# taz.de -- Überfischung der Ostsee: Der Kampf um den Dorsch
       
       > Fischer, Wissenschaftler und Meeresschützer streiten über die Fangquoten.
       > Die drohen um 80 Prozent reduziert zu werden.
       
 (IMG) Bild: Die Fischer sollen viel weniger Dorsch angeln, fordern Wissenschaftler.
       
       HAMBURG taz | Der Ostseedorsch ist heiß umkämpft. Gegen eine drohende
       Kürzung der Fangquoten im nächsten Jahr um bis zu 80 Prozent läuft die
       Fischereiwirtschaft Sturm: „Das ist für die Fischerei nicht zu verkraften“,
       sagt Holger Ortel, Präsident des [1][Deutschen Fischerei-Verbandes] (DFV).

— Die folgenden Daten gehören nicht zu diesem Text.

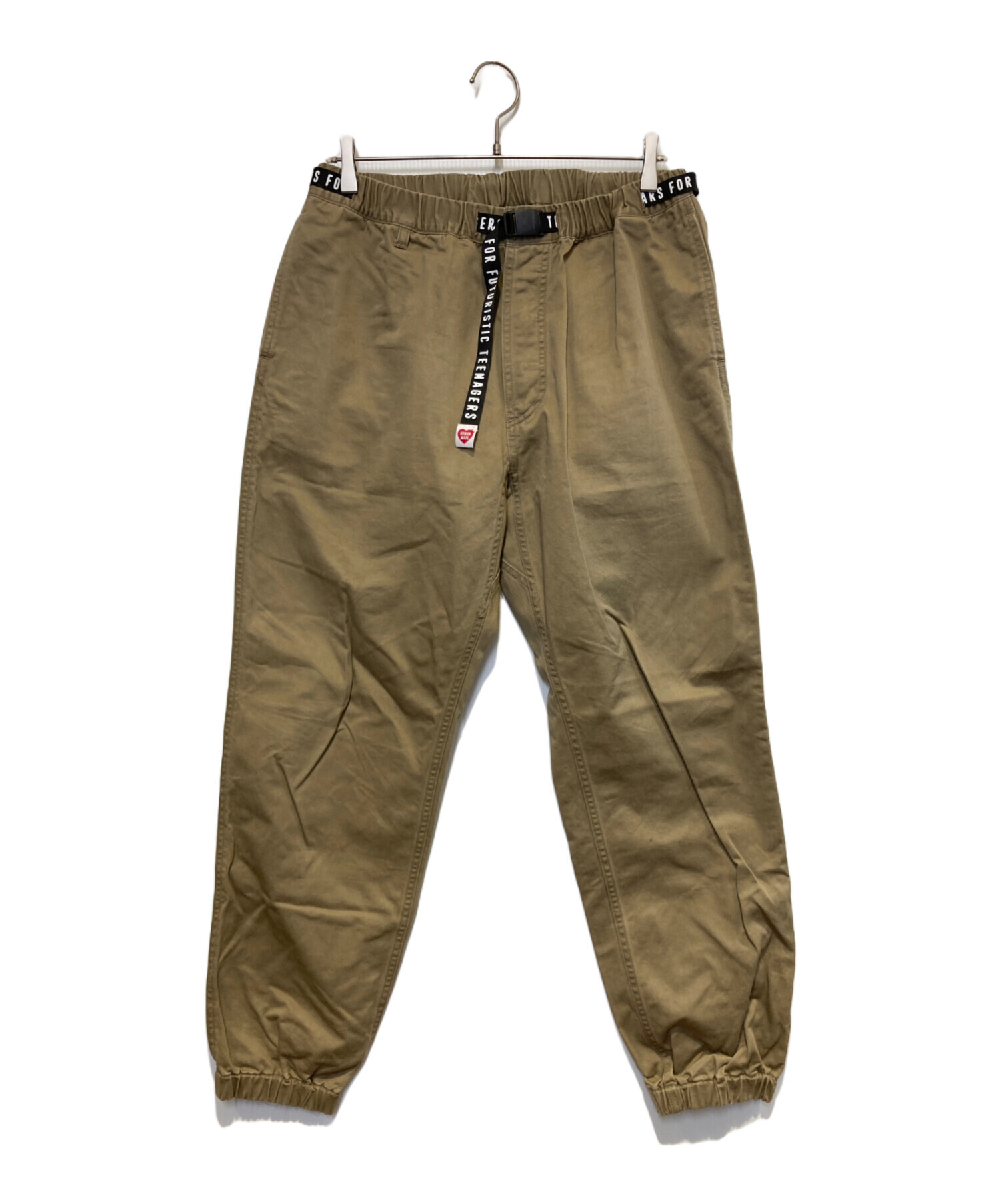 ヒューマンメイドカーゴパンツhuman made HUMAN MADE（ヒューマンメード） ヒューマンメイド 24SS SKATER PANTS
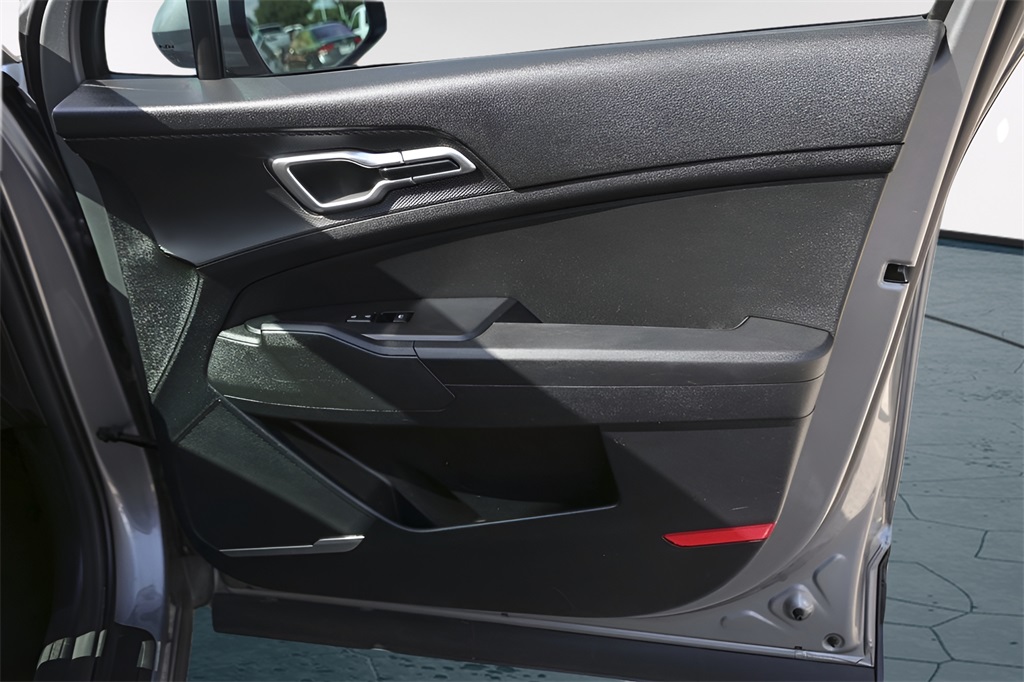 Used Car 2023 Kia Sportage  Lx For Sale Under $20,000 In Austin, Texas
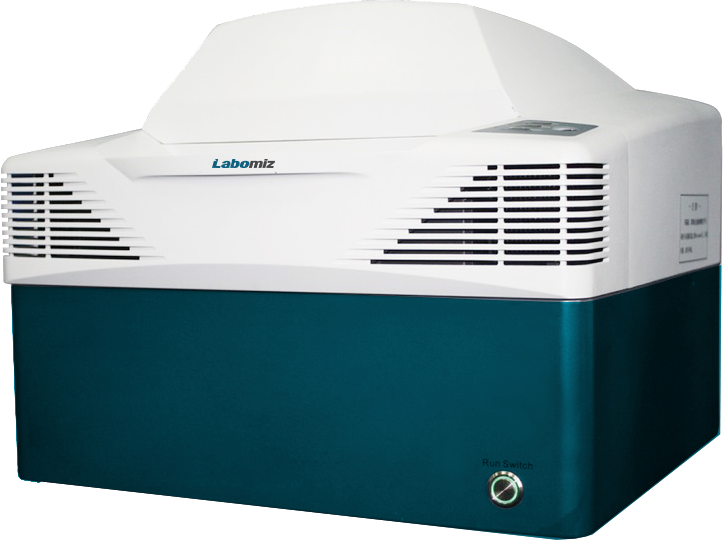 Real Time PCR MLRTP-2B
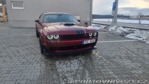 Dodge Challenger 6,4 SRT SCATPACK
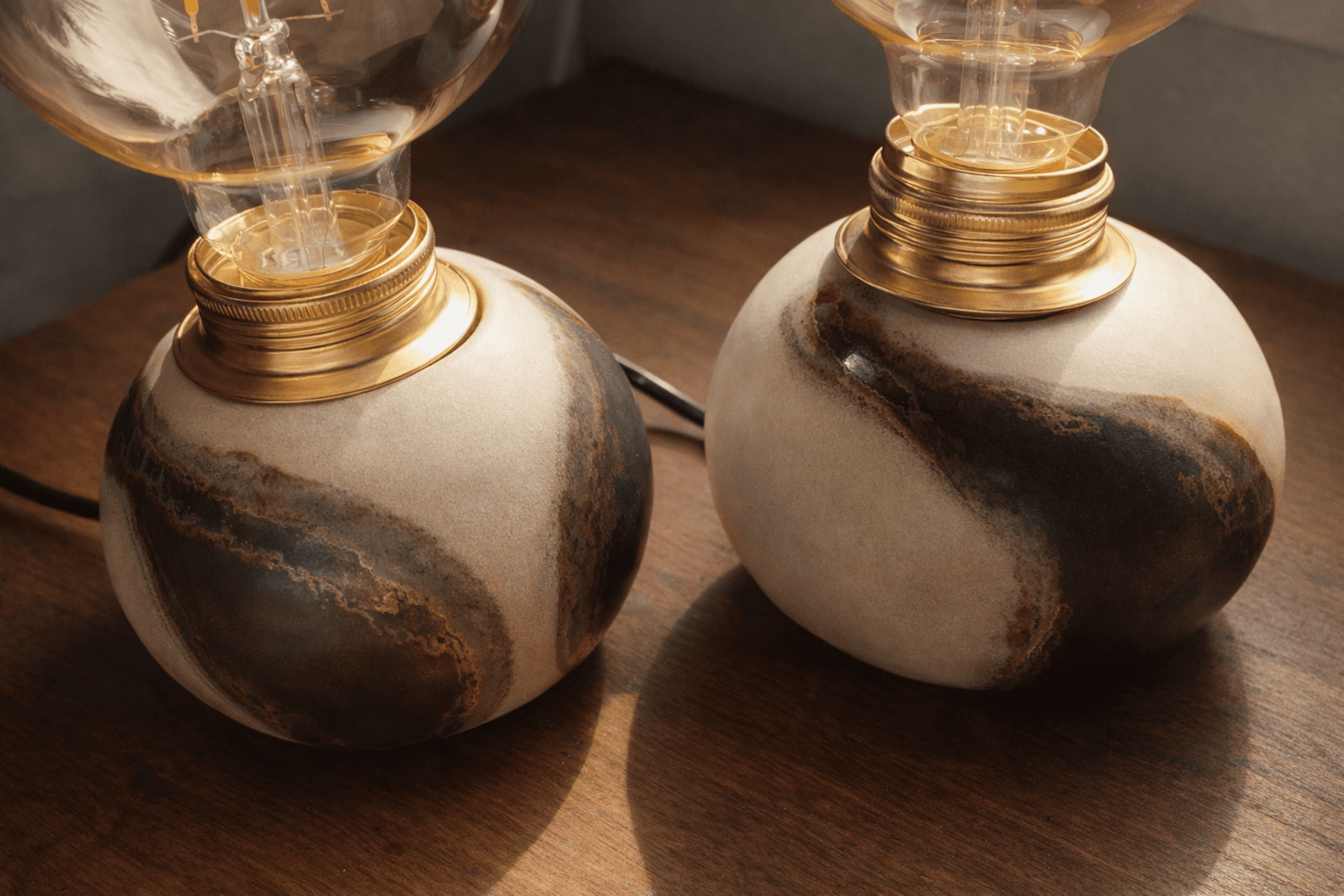 Lámpara Horizonte - 8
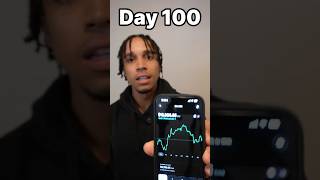 Day 100: I Started With $10,000. I've Only Invested $3,250 of It. On Purpose.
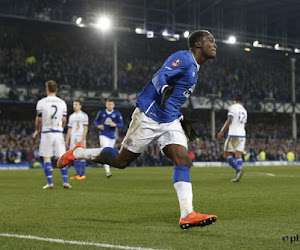 'Everton heeft al een vervanger op het oog voor mogelijk vertrekkende Lukaku'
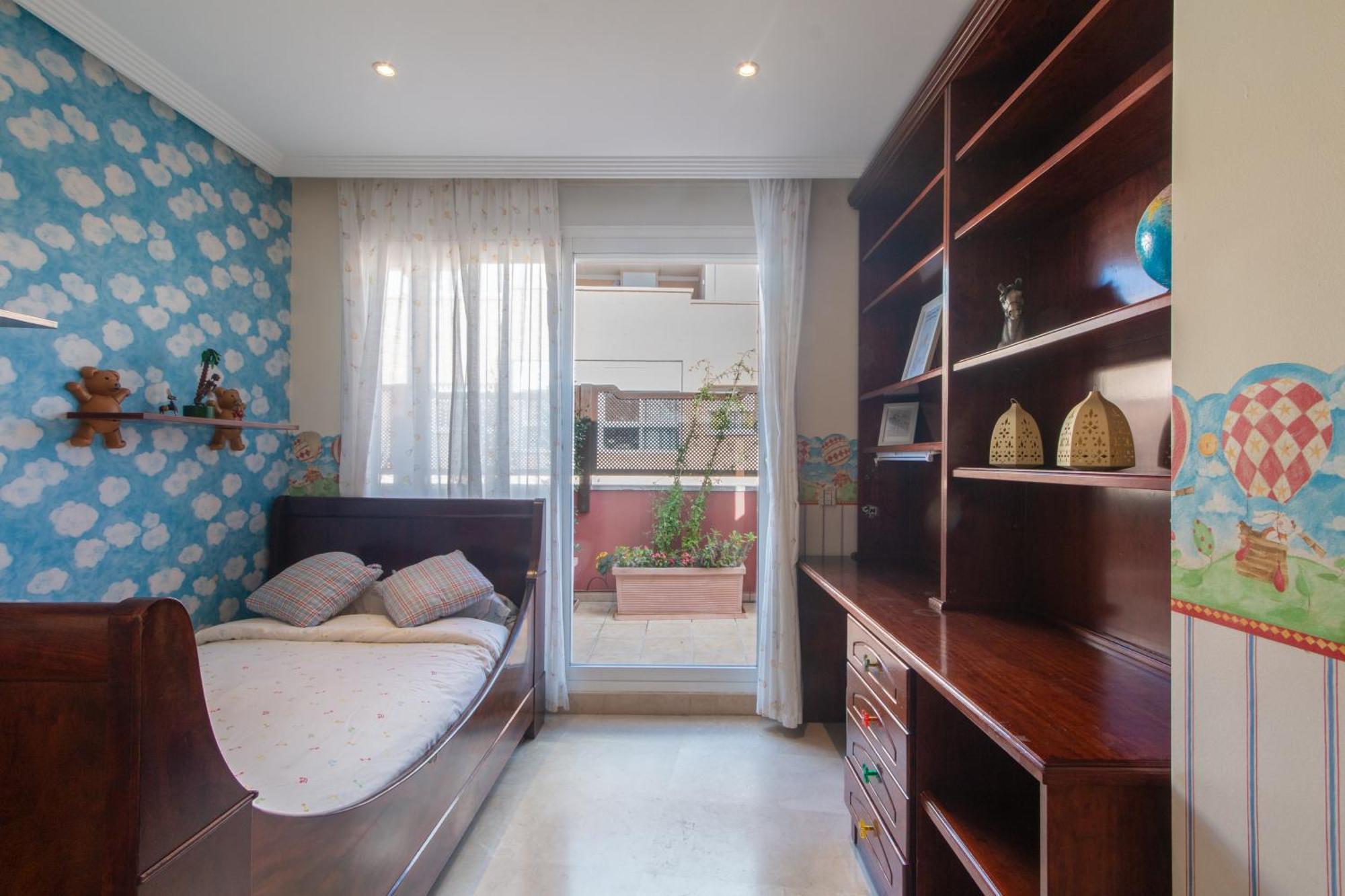 Amazing Rooftop Appartamento *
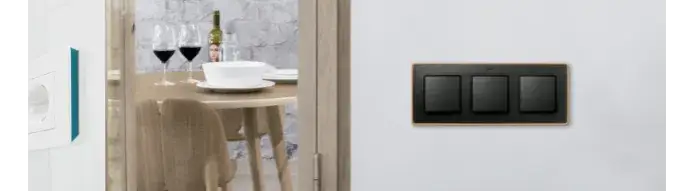 Gniazdka Kontakt Simon – synonim jakości i innowacji w instalacjach elektrycznych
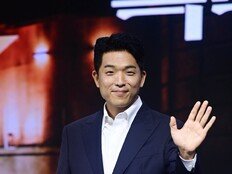 안성재, ‘모수’ 와인 논란에 “사과 부족, 부적절했다”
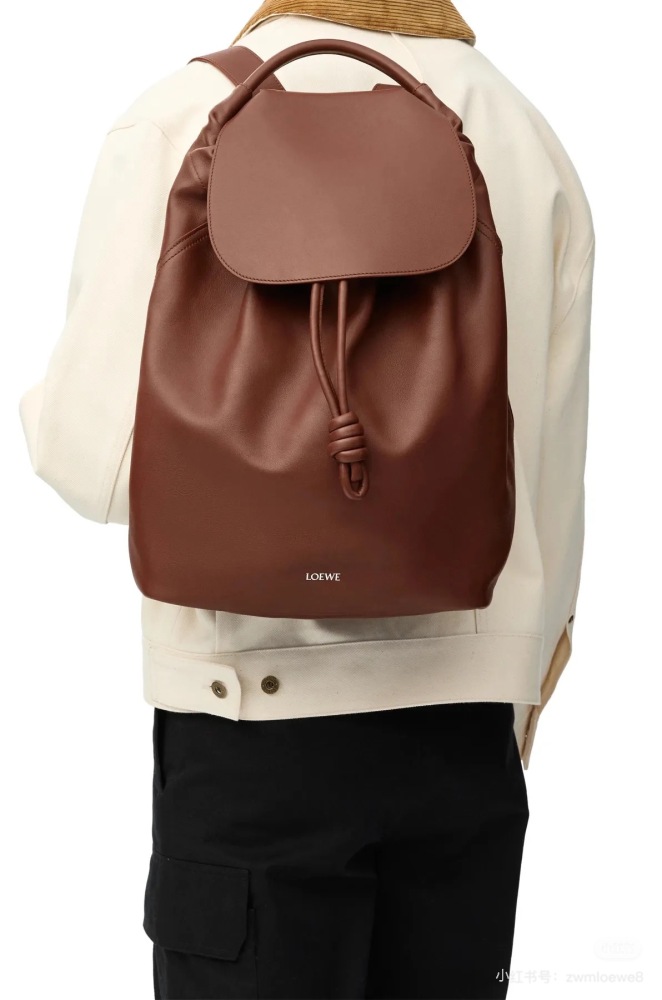 Loewe backpack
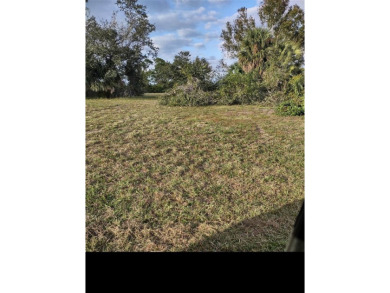 This lot has ample space for a spacious home, pool, and garage on Rotonda Golf and Country Club The Links Course in Florida - for sale on GolfHomes.com, golf home, golf lot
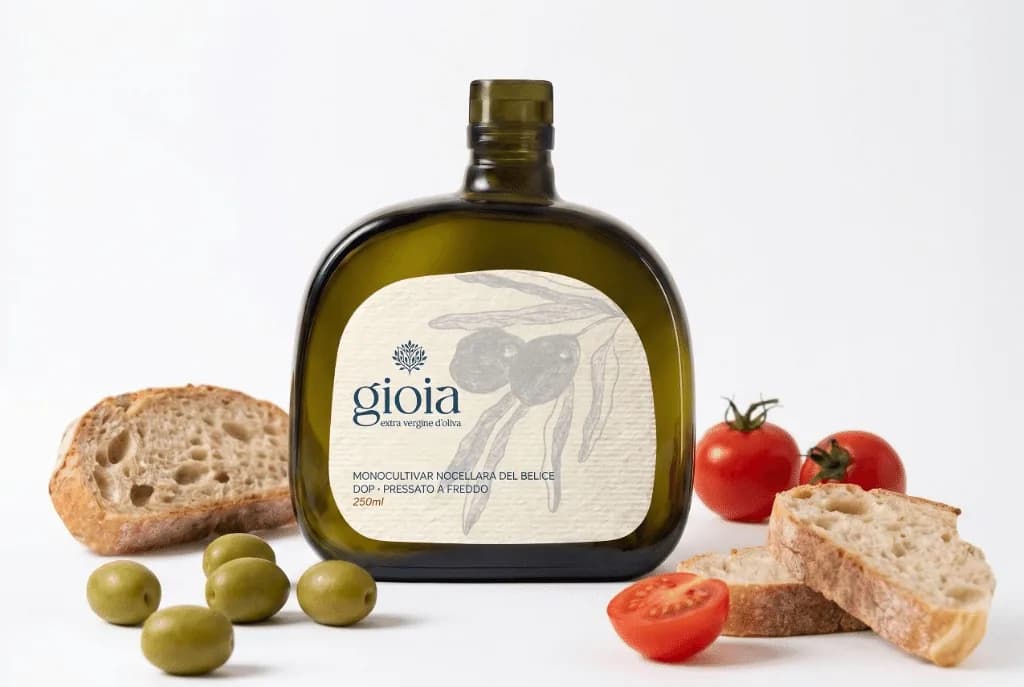Olive oil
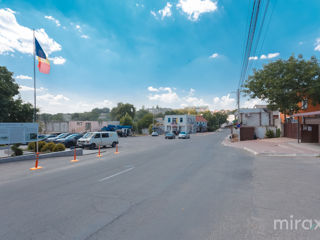 Se vinde spațiu comercial pe str. Ștefan cel Mare, Bubuieci, Chișinău foto 8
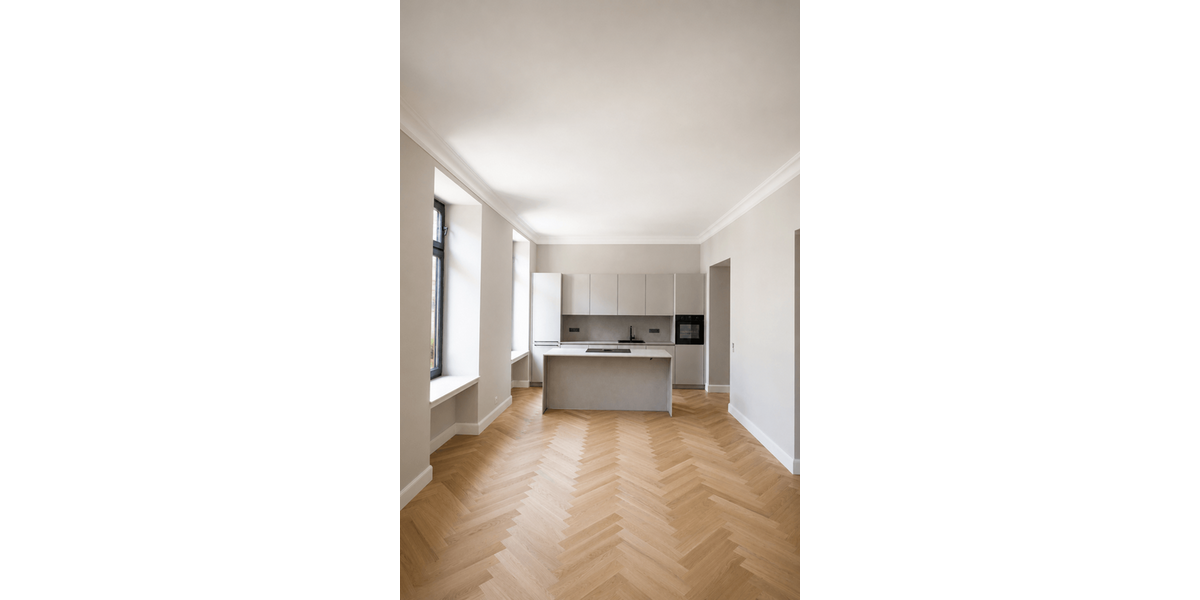 Etagenwohnung Düsseldorf Pempelfort - 4 Zimmer, 86 m&sup2;, 698.000&euro; | Angebot:27455023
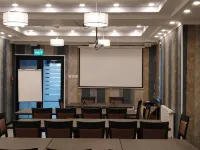 Hotel Sarmis Hotels in Deva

       Seine Hoffnungen setzt er auf Bundeslandwirtschaftsminister Christian
       Schmidt (CSU), der auch für Fischfang zuständig ist. Der ließ kürzlich
       verlauten, er werde sich „auf europäischer Ebene für eine Anpassung
       zugunsten der Küstenfischerei der Ostsee einsetzen“. Damit ist klar, dass
       Schmidt im Oktober bei den Verhandlungen im EU-Ministerrat über die
       europäischen Fischfangquoten eine deutlich höhere Fangmenge beim Dorsch
       erreichen will.
       
       Die Wissenschaftler des [2][Internationalen Rats für Meeresforschung]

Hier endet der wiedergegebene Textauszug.